4. The anchor plate verticality and spacing measuring device according to claim 1, characterized in that, The upper anchor plate fastener (1) includes a handle (101) and a rotating plate (103). The handle (101) is set perpendicular to the first telescopic ruler (100). A groove is provided on the handle (101) along its length direction. A slide rail (102) is provided in the groove.

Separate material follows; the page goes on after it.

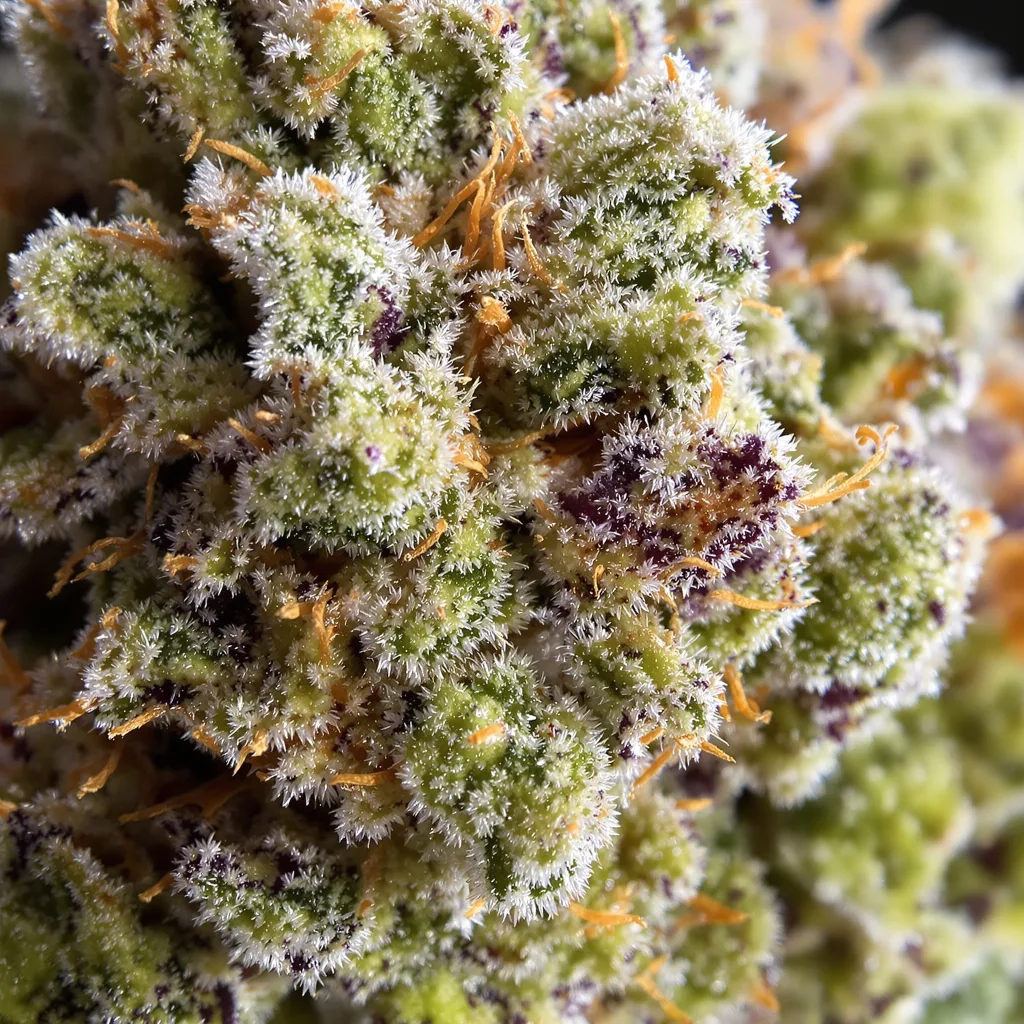 Runtz cannabis bud close-up showing open-bud structure with orange pistils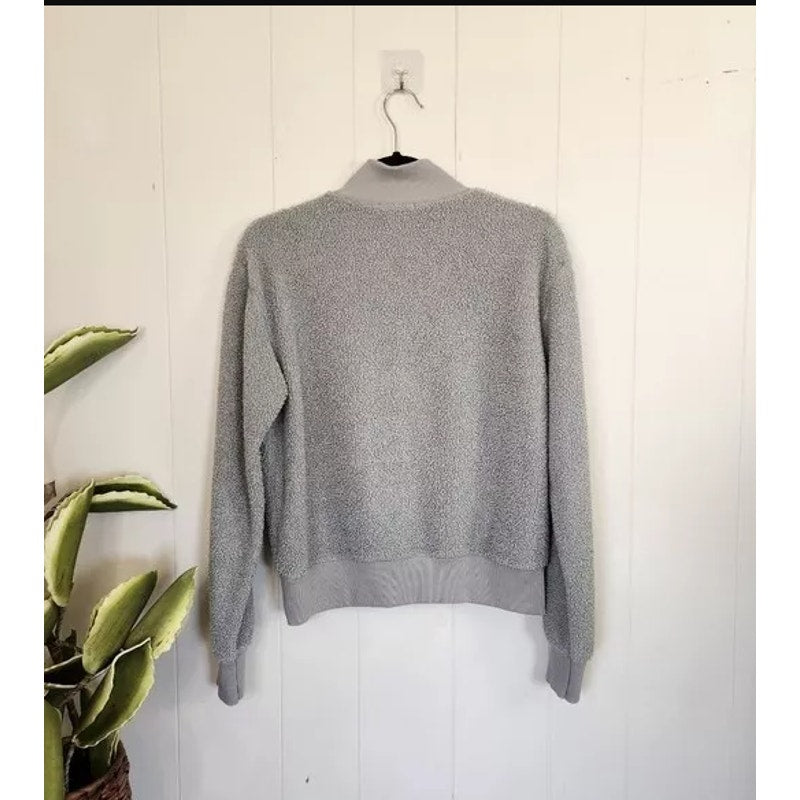 NEW TOPSHOP Gray 1/4 Zip boucle Sweatshirt Pullover Size 6 ribbed Loungewear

The rotating plate (103) is rotatably connected to the slide rail (102).
5. The anchor plate verticality and spacing measuring device according to claim 1, characterized in that, The lower anchor plate snap-fit component (4) includes a sliding frame (203), on which a limiting bolt is screwed; the sliding frame (203) is provided with a first snap-fit handle (204) for abutting against the bottom wall of the lower anchor plate (6).
6. The anchor plate verticality and spacing measuring device according to claim 5, characterized in that, The sliding frame (203) is provided with a sliding sleeve (205), the axial direction of the sliding sleeve (205) is consistent with the sliding direction of the sliding frame (203), a sliding column (207) is slidably provided in the sliding sleeve (205), and a second snap-fit handle (208) for abutting against the top wall of the lower anchor plate (6) is provided at the top of the sliding column (207); a locking bolt (206) is screwed on the sliding sleeve (205), and the screw-in end of the locking bolt (206) is located inside the sliding sleeve (205).
7. The anchor plate verticality and spacing measuring device according to claim 1, characterized in that, The number of the level instruments is multiple, and the multiple level instruments are spaced apart along the length direction of the first telescopic ruler (100).
8. The anchor plate verticality and spacing measuring device according to claim 7, characterized in that, The level is a universal level (2).